● **DATA FOR ANALYSIS**:

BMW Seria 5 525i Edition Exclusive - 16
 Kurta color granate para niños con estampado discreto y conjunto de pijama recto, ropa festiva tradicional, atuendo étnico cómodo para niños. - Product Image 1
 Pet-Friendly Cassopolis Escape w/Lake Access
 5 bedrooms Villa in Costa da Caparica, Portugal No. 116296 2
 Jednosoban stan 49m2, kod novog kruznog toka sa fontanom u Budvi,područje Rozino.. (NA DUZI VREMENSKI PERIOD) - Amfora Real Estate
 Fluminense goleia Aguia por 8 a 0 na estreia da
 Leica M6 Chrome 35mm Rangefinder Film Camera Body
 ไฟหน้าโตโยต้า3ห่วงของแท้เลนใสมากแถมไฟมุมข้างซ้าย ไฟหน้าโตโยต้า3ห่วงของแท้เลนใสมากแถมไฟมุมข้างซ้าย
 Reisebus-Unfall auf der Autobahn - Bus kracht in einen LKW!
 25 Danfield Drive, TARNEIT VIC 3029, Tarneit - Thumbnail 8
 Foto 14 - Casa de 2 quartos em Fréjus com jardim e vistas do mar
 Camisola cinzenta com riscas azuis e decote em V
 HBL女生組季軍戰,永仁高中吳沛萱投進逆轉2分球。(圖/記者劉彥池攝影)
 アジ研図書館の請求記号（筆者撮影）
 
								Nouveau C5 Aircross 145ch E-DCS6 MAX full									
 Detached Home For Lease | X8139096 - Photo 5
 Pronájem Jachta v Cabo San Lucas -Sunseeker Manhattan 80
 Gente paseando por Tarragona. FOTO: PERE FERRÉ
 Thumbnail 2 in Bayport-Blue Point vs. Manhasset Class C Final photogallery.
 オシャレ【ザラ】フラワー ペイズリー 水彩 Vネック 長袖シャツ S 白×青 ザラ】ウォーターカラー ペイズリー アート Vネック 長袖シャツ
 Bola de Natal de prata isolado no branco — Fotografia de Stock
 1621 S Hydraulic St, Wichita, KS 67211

● **WORK INSTRUCTIONS**:
State the number of lines in the records that hold the string "Thumbnail", and add nothing.

● **SOLUTION BELOW**:
2